Key areas in IT that will shape the leading sectors of
the near future are the following:
1.
IT
Architecture: It is common sense that businesses need to expand or enforce their international presence with whatever that means to their IT architecture design and infrastructure. Viewing everything through applications will soon
come to an end. An IT Architecture project means to undertake hundreds of high
level detailed tasks, including justifying changes, identifying data and security
requirements, to further reduce complexity, to consolidate and centralize
technology resources, to improve efficiency by restructuring enterprise resources.
It means also that a server-centric topology will evolve to a service-centric
topology, decoupling systems, data, infrastructures and business processes from
one another.
2.
User
Experience: The clear expectations creating a positive User Experience
(UE) environment can be overwhelmingly complex with many issues.

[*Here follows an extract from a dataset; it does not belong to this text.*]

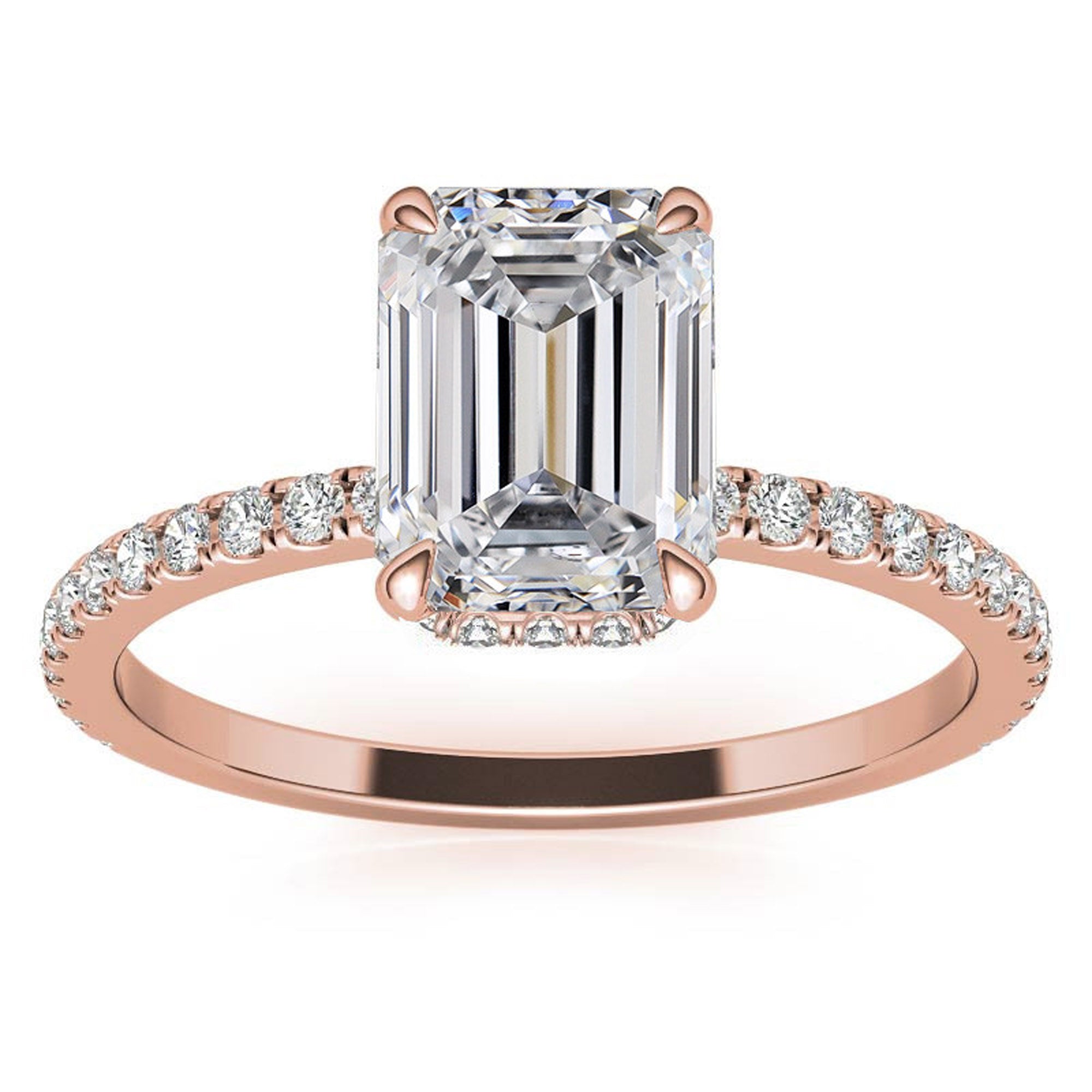 Emerald Cut Rose Gold Adjustable Sterling Silver Pave Ring - Perfect for Engagement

These issues can
involve usability, interaction design, brand identity techniques, industry
specific strategies and requirements. In order to achieve high levels of user
experience you need to clearly distinguish UE from the User Interface (UI) even
if UI is a critical element of the user experience design. You need to
encompass all elements of user interaction including, the organization, the
customers, the products and the services.
3.
Social
Platforms: Company websites may no longer be the first point of
contact for customers. IT is affected by a great manner from the way organizations
conduct business. Isolated information will ultimately die, since social
platforms evolve as a new source of business intelligence. The benefits to a successful social brand are
significant, and there are already known cases of businesses that successfully
revitalized their image. Brands with relatively small budgets can achieve brand
awareness, but they need to focus their resources, time and attention in a larger scale, in order to attract new customers. On which platforms to be, is a
crucial question in any case. Social Platforms can also become for your
business a place where you can provide advantages to your customers such as a loyalty
card within a mobile rewards game, the
ability to do very tight targeting that combines gamification techniques that
might include criteria such as geographic location, time of day, recommendations
etc.
4.
Cyber
Intelligence: Top Information security trends and vulnerability
warnings will continue to shape and drive Information Technology, with
hacktivism across the globe, a trend that started some time ago. Mainstream
Cloud and Mobile adoption will engage security concerns that will become a more
practical discussion in the near future. Executives are trying to take
advantage of the productivity upside that new technology is capable to offer,
with trends such as Bring Your Own Device (BYOD), thus creating a new security
concern that must be under the radar. DDoS attacks against organizations that we have
seen in the past, presages a future of blind full scale attacks to any
intervening service provider. Other threats and vulnerability warnings combine,
malware, sandboxing smart phone applications, cross platforms attacks, QR codes
targeting, and digital wallets that will become a cyber crime target that will
draw attackers’ interest.
5.
Data
Privacy: This is already huge issue for international organizations which they are undertaking incisive analysis of important legal
issues from a global perspective. Data processing at a company level,
International data transfers, and technology issues related to privacy,
conflicts between US privacy rules and European data protection law will become
a much more serious concern. In a scale of a country, governmental surveillance
technology issues related to privacy will be addressed more thoroughly in the near future.